Lyonne also wanted to “touch something that was out of time, and a New York and East Village that was out of time” while simultaneously evoking the present; at one point they questioned whether the characters should even have cellphones, she said.

The Brooklyn-born Nilsson — whose legacy didn’t endure to the extent one might have expected in his ‘70s heyday, which was distinguished by songs like “Everybody’s Talkin'” and the respect of celebrated peers like John Lennon — was the “perfect marriage of all those ideas.”

Early on, there were other contenders for Nadia’s reset song, including Lou Reed’s “Crazy Feeling,” The Stooges’ “No Fun” and Lil’ Kim’s “Not Tonight.” But although they might have fit the tone, the creative team kept coming back to “Gotta Get Up” — as Lyonne put it, the other artists “didn’t pack the guttural punch” of Nilsson.

Obtaining the rights to the song was another matter. The plan to reuse it many times, à la “I Got You Babe” in “Groundhog Day,” the show’s most obvious antecedent, ate into most of the music budget. Nilsson’s estate also limited the production to a certain amount of uses.
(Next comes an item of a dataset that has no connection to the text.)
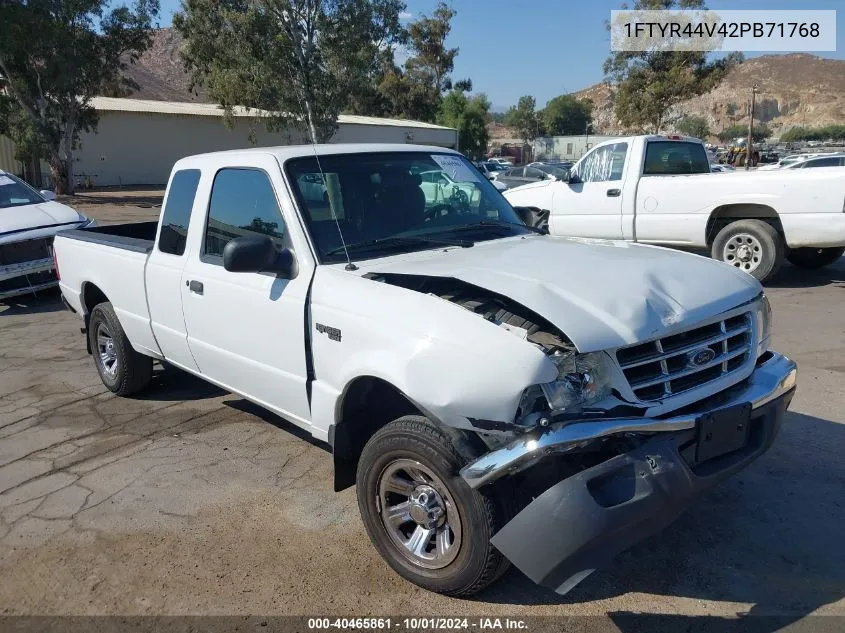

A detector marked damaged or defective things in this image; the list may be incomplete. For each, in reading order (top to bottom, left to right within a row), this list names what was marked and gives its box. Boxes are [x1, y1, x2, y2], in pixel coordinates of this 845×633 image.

As editing progressed, uncertainty about the song’s availability hung over the show like a “daily albatross,” Lyonne said, and the creators pondered which songs they might be willing to give up in order to afford “Gotta Get Up.”

In an email, Brienne Rose, the show’s music supervisor, did not specify the terms of the licensing deal, citing confidentiality. But she did note that the team was able “to find a balance between the maximum number of uses and what the budget would allow.”

The constraints contributed to the varying ways in which “Gotta Get Up” is employed for Nadia’s resets — in the second episode, she dies several times within a four-minute montage, while the song continues to loop underneath, uninterrupted. In the pivotal fifth episode, in which Nadia begins to question her own goodness and morality, the song doesn’t appear at all.

“We were able to kind of straddle that line and put you in a particular head space as you were watching the rest of the loop,” Headland said. “It’s the kind of thing you probably don’t notice, but your brain did.”

(For the record, the theme song for Alan, the show’s other oft reanimated character, played by Charlie Barnett, was Beethoven’s “Piano Concerto No. 4 In G Major.” For both Headland and Lyonne, the composer is inextricably linked with Stanley Kubrick’s “A Clockwork Orange” — Headland views Beethoven primarily through the lenses of “pent-up energy” and “violence,” she said, themes that are found throughout “Russian Doll.”)

The reset song technique does “more heavy lifting than just marking where you are in time,” Headland said, noting a scene from Episode 4 where, in a departure from the other sequences, “Gotta Get Up” intrudes on Alan’s reset.

“Russian Doll” is about being haunted, she added. “So that music — what happened with Nilsson in his own personal life, and all those things — it’s just so obvious to me that he’s one of the many ghosts that are in that story.”